「外国のシンクタンクって、その国の情報機関と繋がってますから…」

“スパイ”のリクルート…といっても日本ではピンと来ないかもしれないが、今年CIAが公開した映像がある。

ロシア人科学者のもとに軍の人間がやってきて兵器開発を強いられる。続いて「優秀な若い人材はほとんど既に国から去ってしまった…」とナレーション。やりがいも行き場も失った科学者はある日そっと旅立ちCIAにコンタクトを取る…。動画の最後にはCIAへの安全な連絡方法や安全な接続先などが細かく表示される。

ロシアの才能をリクルートしようとするCIAの勧誘サイトだ。

ところが、今懸念されているのは、逆の現象だ。つまり、トランプ政権下でアメリカのインテリジェンスから人材が流出しようとしている。アメリカでは18の情報機関に総額約18兆円が予算として割り当てられているが、そのダイエットが急速に進められている。

国防長官傘下では人員を5~8%削減するよう指示があり、CIAでは全職員を対象に早期退職を募っている。ここであぶれた人材が海外、特にロシアなど非友好国に流れるかもしれないのだ。

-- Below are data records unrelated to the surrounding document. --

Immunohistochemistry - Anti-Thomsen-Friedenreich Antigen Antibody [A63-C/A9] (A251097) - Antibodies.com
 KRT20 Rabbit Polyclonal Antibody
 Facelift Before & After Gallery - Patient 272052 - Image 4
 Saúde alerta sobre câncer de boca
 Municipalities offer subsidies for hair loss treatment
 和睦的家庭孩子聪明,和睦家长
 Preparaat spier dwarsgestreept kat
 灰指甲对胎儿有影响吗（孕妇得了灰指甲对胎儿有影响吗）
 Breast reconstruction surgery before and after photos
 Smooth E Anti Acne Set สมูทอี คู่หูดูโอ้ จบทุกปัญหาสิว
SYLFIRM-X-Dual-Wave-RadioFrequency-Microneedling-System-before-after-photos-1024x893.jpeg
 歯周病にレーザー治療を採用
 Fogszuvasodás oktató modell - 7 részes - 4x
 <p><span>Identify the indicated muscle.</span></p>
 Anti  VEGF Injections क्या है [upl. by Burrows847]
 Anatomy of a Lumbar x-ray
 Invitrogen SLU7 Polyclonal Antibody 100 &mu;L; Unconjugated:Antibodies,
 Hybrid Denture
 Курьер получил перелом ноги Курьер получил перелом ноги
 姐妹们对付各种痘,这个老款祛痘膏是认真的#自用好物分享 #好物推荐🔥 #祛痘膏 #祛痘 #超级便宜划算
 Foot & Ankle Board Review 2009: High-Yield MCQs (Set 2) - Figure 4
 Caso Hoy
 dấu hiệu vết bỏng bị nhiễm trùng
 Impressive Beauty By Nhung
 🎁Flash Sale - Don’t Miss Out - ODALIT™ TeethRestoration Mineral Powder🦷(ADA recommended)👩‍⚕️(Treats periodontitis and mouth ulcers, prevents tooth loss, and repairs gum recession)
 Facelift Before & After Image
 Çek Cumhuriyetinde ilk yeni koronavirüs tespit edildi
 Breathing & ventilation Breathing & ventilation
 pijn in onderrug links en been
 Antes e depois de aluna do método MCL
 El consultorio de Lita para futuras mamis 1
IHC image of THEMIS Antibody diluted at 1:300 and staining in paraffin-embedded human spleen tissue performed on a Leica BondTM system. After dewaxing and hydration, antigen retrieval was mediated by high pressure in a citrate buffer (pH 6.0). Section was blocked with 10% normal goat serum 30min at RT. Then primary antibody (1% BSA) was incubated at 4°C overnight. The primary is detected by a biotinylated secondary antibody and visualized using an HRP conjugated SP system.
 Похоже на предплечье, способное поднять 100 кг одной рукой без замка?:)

英国王立防衛安全保障研究所(RUSI)日本特別代表 秋元千明氏
「情報機関の人間は高いスキルを持っていますから“つぶし”がきくんです。どこで利くかというと外国の情報機関です。内輪の情報知ってますし…。(本人はスパイのリクルートって感覚じゃなく)どこかのシンクタンクから声がかかる。外国のシンクタンクって、その国の情報機関と繋がってますから…。私が言うのもなんですけど…。いつのまにか外国のために働かされてしまう…」

ロシアや中国ではアメリカのインテリジェンスをリクルートするメリットはかなり大きいと話すのは兵頭慎治氏だ。

防衛研究所 兵頭慎治 研究幹事
「(アメリカの)人員削減の動きと共にリクルートに乗り出しているという指摘はある。アメリカの国内情報だけでなく、インテリジェンス機関の内部情報も筒抜けになる危険性がある。なので外国への頭脳流出は注意しておく必要があるかと…」
また、情報機関は一度人材を削減すると簡単には元に戻らないという。